The UGX 12.5 billion bond is opened for subscription until the 27th of May

TUNIS, Tunisia, May 24, 2013/African Press Organization (APO)/ The African Development Bank (AfDB) ( has launched its second Uganda-shilling denominated bond on the domestic capital market. The UGX 12.5 billion bond is opened for subscription until the 27th of May. It is the latest issuance under the UGX 125 billion Medium-Term Note (MTN) Programme originally established in mid-2012. The MTN approach was adopted to allow the Bank to regularly tap into the Ugandan capital market, issuing various tranches, rather than standalone transactions thereby minimizing costs for its clients and reducing the lead time necessary to access the market.

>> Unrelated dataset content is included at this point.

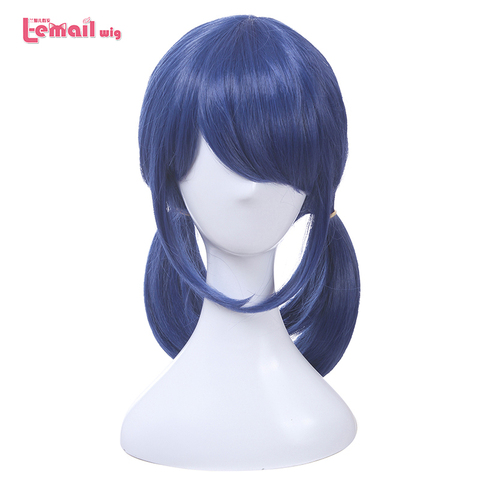 L-correo-Peluca de cabello sintético resistente al calor para Cosplay, pelo liso de doble cola, color azul oscuro, para Halloween ► Foto 1/6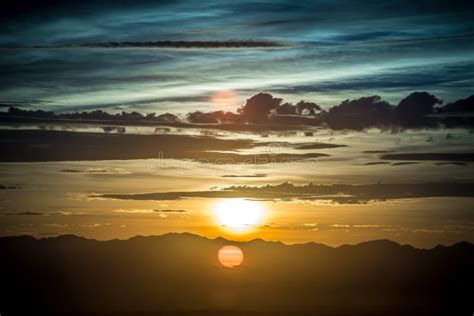 Early Morning Sunrise Over Valley of Fire and Las Vegas Stock Photo ...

The AfDB return to the Uganda market reflects local demand for additional debt instruments and the need for local currency financing to push infrastructure and other development projects. Pierre Van Peteghem, the Bank Group Treasurer, heralds this issuance as just the beginning of his department’s push to avail more local currency to private sector clients. “The Bank has recently approved an additional five African currencies including the Ghanaian Cedi and the Franc CFA for both West and Central African zones as official lending currencies of the Bank. This brings the total number of African currencies in which we can on-lend to clients to ten. This will enable us to better respond to client needs, particularly with respect to mitigating foreign exchange risk posed by hard currency loans. We believe by directly issuing local currency bonds, we also play a key role in developing the local capital market.”

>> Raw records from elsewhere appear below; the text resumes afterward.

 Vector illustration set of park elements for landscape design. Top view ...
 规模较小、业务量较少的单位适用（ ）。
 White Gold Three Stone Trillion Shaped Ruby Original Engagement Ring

Arranged by African Alliance and executed as a tap sale on the original UGX bond issued in July 2012, this most recent note will be linked to the new two-year bond that the Government of Uganda intends to launch on May 23, but will re-price every two years at 85% of the weighted average yield to maturity on the latest Ugandan government bond benchmark, noted Olivier Eweck, Manager of African Currency Funding in the Treasury Department of AfDB. Similarly to the first tranche, this issuance will also be launched at sub-government levels. “We expect a high demand from local and international investors, even higher than for last year’s first tranche,” says Eweck. The first re-pricing exercise will take place in August 2014.

The AfDB plans to launch two new MTN local currency programmes in Nigeria and Zambia in the coming months. Since its first African currency loan in 1998, the Bank’s local currency loan portfolio totals the equivalent to over USD 2.4 billion. The Bank is however keen to diversify its local currency portfolio across all African regions beyond the South African rand which now dominates the local currency loan book and is the multilateral lender’s third largest lending currency. As part of the Local Currency Initiative established in 2006, the AfDB has received approvals to issue in the local capital markets of Tanzania, Ghana and Kenya, among other countries and hopes to enter many of these markets in the short to medium-term.